It seems applications today are "Cloud Native" by default. For end user, it becomes expected for a "meaningful" application to have all its data available on all the devices all the time. However this assumed convenience comes with drawbacks:
- performance for certain feature
Network is still slow, hence caching and syncing cache with remote datastore is a normal practice to boost user experience at the cost of draining device battery.
What if things are stored locally natively?
When I was implementing the type ahead search for Local Native App, a brute force database query upon every keystroke just worked.

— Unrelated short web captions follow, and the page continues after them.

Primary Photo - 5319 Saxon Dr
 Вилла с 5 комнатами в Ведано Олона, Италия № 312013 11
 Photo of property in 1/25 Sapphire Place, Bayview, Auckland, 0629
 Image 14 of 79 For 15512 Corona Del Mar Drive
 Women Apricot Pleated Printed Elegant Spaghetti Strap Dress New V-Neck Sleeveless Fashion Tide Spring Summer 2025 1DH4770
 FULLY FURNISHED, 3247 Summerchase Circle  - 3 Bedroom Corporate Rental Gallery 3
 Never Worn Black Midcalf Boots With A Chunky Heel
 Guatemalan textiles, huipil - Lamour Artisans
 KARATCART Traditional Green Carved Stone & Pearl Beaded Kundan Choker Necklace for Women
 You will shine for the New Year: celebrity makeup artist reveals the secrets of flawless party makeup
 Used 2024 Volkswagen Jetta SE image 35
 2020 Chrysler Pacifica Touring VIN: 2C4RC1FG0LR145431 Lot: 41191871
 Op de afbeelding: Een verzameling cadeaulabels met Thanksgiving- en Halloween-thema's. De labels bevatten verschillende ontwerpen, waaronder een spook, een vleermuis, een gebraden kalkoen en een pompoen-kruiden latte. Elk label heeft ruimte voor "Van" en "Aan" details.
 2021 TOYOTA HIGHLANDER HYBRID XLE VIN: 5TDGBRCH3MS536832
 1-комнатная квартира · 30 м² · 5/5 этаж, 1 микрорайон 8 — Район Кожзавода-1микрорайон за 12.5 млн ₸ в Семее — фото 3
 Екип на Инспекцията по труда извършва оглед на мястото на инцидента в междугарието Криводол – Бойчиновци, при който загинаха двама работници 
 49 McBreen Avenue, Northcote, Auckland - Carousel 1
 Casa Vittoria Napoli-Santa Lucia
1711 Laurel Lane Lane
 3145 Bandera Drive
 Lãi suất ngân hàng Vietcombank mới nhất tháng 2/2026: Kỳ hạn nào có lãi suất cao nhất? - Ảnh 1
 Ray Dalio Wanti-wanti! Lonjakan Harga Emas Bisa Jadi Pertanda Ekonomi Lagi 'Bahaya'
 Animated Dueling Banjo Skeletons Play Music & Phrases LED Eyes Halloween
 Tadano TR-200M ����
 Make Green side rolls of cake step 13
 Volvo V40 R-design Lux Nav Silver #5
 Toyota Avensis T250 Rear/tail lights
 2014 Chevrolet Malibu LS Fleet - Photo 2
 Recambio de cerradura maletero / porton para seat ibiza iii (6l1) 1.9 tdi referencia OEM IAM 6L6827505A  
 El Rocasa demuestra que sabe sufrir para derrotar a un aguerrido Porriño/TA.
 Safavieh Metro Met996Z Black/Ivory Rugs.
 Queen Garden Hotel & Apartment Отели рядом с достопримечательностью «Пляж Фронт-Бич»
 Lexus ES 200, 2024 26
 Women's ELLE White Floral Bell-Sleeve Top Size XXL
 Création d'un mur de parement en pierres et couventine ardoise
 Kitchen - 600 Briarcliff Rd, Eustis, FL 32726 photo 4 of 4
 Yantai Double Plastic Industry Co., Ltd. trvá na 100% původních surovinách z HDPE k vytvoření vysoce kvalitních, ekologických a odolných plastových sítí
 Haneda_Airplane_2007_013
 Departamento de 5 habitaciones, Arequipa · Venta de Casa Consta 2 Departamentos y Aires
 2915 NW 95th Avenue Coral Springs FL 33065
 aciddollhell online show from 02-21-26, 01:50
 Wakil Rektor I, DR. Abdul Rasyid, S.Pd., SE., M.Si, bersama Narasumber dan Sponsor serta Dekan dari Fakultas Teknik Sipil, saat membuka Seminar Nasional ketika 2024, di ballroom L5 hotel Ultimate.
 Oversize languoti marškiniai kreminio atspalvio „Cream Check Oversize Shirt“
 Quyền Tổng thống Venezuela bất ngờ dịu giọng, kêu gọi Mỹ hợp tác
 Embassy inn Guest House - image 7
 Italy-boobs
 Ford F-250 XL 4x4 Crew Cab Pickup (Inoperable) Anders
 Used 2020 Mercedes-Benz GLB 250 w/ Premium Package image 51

Scaling issue seems goes away if you do not need to deal with network latency and multiple users competing with each other for CPU. I start to appreciate how fast the hardware becomes today.
- your data is on someone else's server
Enough said about privacy (freedom) concerns.
I used to have tens of social media profiles out of curiosity to checkout "what's on the internet". Util time itself becomes increasingly limited resource, and I figured most of the time I just need a bookmarking tool for the internet, so I can go back to something quickly, and maybe also run some SQL against those url and tags myself.
What if things are stored locally natively?
Without a traditional remote server, syncing across devices does become a challenge, but opportunity may lie here as well. Local Native App currently is able to sync via ssb, with some serverless setup first.
Toolchains today seem are all for centralized services, but 15 years ago where are those toolchains for modern mobile and web apps?